2023: The Revenge of History

Events in Europe and the Middle East in 2023 shattered the idea that history had reached a stable plateau. The world is a more dangerous place at the year’s end than it was at the start.

Events in Europe and the Middle East in 2023 shattered the idea that history had reached a stable plateau. The world is a more dangerous place at the year’s end than it was at the start, writes Helen Thompson, a professor of political economy at Cambridge University.

This was a year – 2023 – that found new ways to shatter the End of History hope that the nightmarish spectres of the 20th century had been buried in the 1990s under the promise of peaceful change to political borders, and global material advancement across them. What began with the horrors of Russia’s ongoing war against Ukraine ended with the return of Jerusalem to centre stage as a place for people to take sides in a highly dangerous moral reckoning about the meaning of world history.

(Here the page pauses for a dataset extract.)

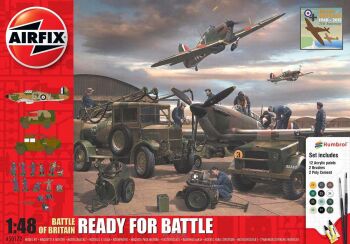 Battle Of Britain Hurricane Mk.I Albion Bedford - zestaw z klejem, pędzlem oraz farbkami.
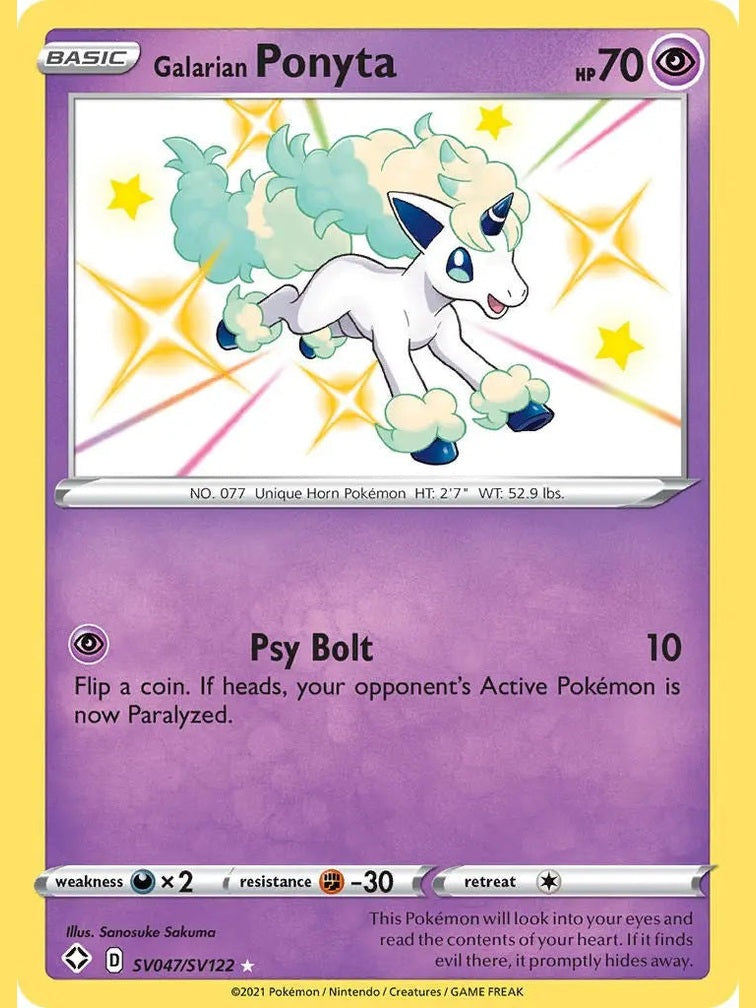 Galarian Ponyta [SHFSV - SV047/SV122] Shining Fates: Shiny Vault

In moving to a new defensive stance across the existing line that would appear to foreclose a big strategic loss for Russia, Ukraine is now badly exposed to Western indifference. Even providing the military and economic support on which Ukraine depends simply to protect the territory it retains is contested in European and North American domestic politics. Last year, Ukraine largely floated above democratic conflicts, as if asking probabilistic questions about its future and the sacrifices required to support its independence was a taboo that could not be broken. By the early autumn of this year, Ukraine was mired in the trade-offs of Western politics, before, on 7 October, attention lurched southwards toward Jerusalem and stayed there.

For Israel, Hamas’ pogrom that day brought a reckoning with a prior complacency supposing that transnational economic exchange can eventually ride roughshod over the most bitter territorial conflict.

Behind Netanyahu’s spectacular misjudgement lay two ahistorical conceits. The first assumed that the cause of Palestinian nationhood was politically defunct when the singular history of Palestinian nationhood is its resilience. During the long middle of the twentieth century, the Arabs of British-ruled Palestine were one of many peoples forcibly displaced from their ancestral lands. But alone among all the millions of people across Eurasia who suffered this fate, the Palestinians have never accepted defeat in claiming back the land that they lost, even during periods when their fate has seemed hopeless. Indeed, since the 1960s they have constructed such a potent idea of Palestinian nationhood that it is strengthened externally at the very times the Palestinians suffer most from their political weakness.

It is, this year has emphatically demonstrated, far too late for the Palestinian claim to Israel’s territory in the name of the Palestinian nation to disappear into the history of those other peoples who were in the same time period forced to detach their national or religious identity from their homelands. This does not mean that the Palestinians will one day secure what they want, but rather that Israel cannot make remotely prudent choices as if Palestinian nationhood has been defeated by the long-term absence of a Palestinian state.

Netanyahu’s second fatal mistake came from the assumption that Hamas could be treated as something other than a millenarian sect for whom genocidal violence against the Jews is redemptive and the suffering of Palestinians a tool to realise an Islamic universal history. Hamas’ territorial ambition of overthrowing the Israeli state is inseparable from a religious conviction, evident in parts of all three of the world’s Abrahamic faiths, that divine providence makes Jerusalem the place where this earthly world will end. This apocalyptic obsession was made manifest in Hamas naming its terror on 7 October after the Al-Aqsa mosque in Jerusalem’s Temple Mount.

2023 was the year when the horror inflicted by Hamas in the name of Jerusalem on Israel to invite unbearable suffering back on the Palestinians in Gaza most viciously mocked the End of History narrative.

But however hard land wars are for twenty-first century states, the world is undeniably a more dangerous place at this year’s end than it was at the start. People across the globe have once again been drawn towards the conflict in the long contested, and still divided, city of Jerusalem. They are bringing to what they choose to see and ignore in Israeli and Palestinian suffering a scarcely understood desire for religious struggle, not least in those societies once deceived by the End of History illusion.